Requests: no way to read uncompressed content as file-like object

Created on 29 Feb 2012  ·  44Comments  ·  Source: psf/requests

According to the documentation, there are three ways to read the content of the response: .text, .content and .raw. The first two consider the transfer encoding and decompress the stream automatically when producing their in-memory result. However, especially for the case that the result is large, there is currently no simple way to get at the decompressed result in the form of a file-like object, e.g. to pass it straight into an XML or Json parser.

From the point of view of a library that aims to make HTTP requests user friendly, why should a user have to care about something as low-level as the compression type of the stream that was internally negotiated between the web server and the library? After all, it's the library's "fault" if it defaults to accepting such a stream. In this light, the .raw stream is a bit too raw for my taste.

Maybe a fourth property like .stream might provide a better abstraction level?

Most helpful comment

I already explained why this is a design bug and not a feature request: the existing API uses the wrong abstraction and leaks negotiation details of the connection into user space that are at the mercy of the remote site, and thus, that the user should not have to care about. That renders the current raw stream reading support hard to use. Essentially, this is a request for fixing a feature that's broken, not a request for a new feature.

All 44 comments

Response.iter_content

Erm, no, that's an iterator. I was asking for a file-like object, i.e. something that document processors can read from directly.

It would be pretty simple to make a file-like object with iter_content

Thanks for the quick reply, BTW.

I agree. Still, it would be even easier for requests to provide this functionality. My point is that .raw is the wrong level of abstraction for most use cases that want to read from the stream, because it exposes transfer level details.

Personally, I don't see a major use case for iterating line by line or even chunk by chunk over the result of an HTTP request, but I see several major use cases for parsing from it as a file-like object, specifically response formats that require a document parser, such as HTML, XML, Json etc.

Note also that it's much easier to write an iterator that wraps a file-like object, than a file-like object that wraps an iterator.

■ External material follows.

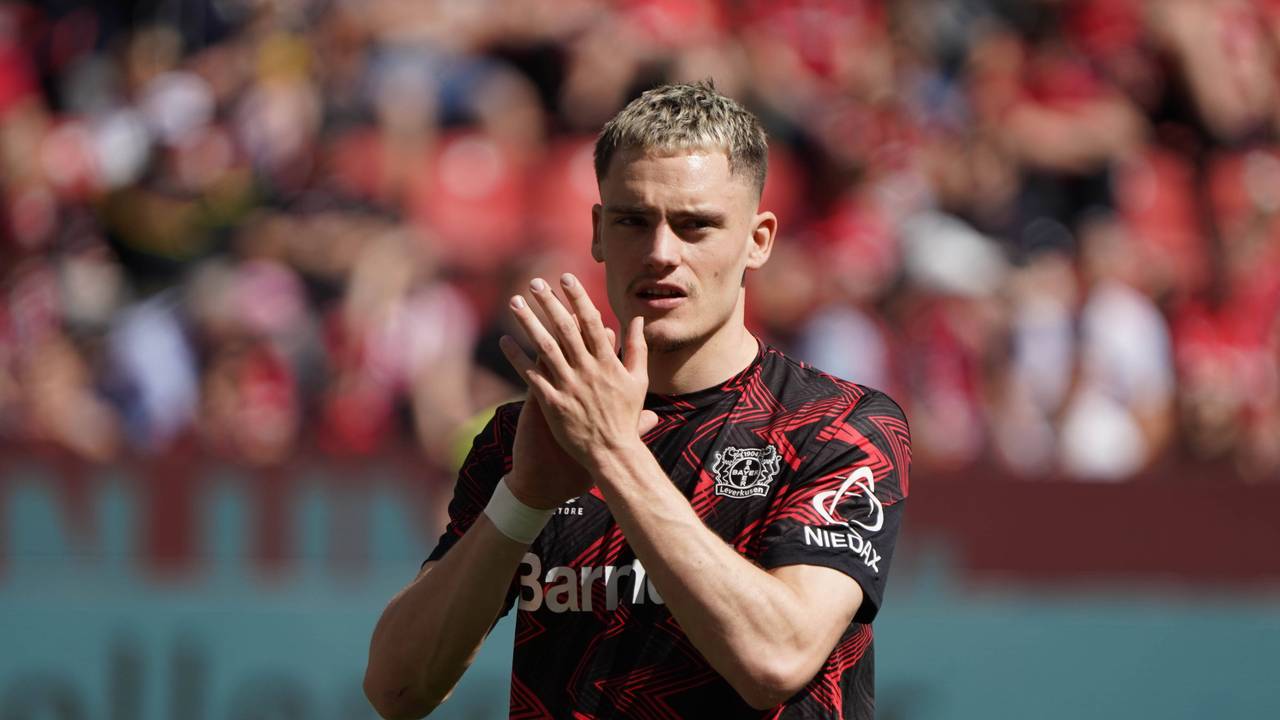Florian Wirtz beim Aufwärmprogramm vor dem Spiel von Bayer Leverkusen gegen den FC Augsburg.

I came up with the following code. It handles all necessary cases, but I find it rather complex. That's why I said I wanted something like this as part of the library. Users shouldn't have to figure this out themselves.

I think that the code inside of requests' models.py uses the wrong abstraction here. It should decompress the raw stream _before_ it starts with its iteration machinery, not during iteration. Going from a file-like to an iterator just to go back to a file-like is just plain stupid. A single API transformation is more than enough and most users won't care about content iterators anyway.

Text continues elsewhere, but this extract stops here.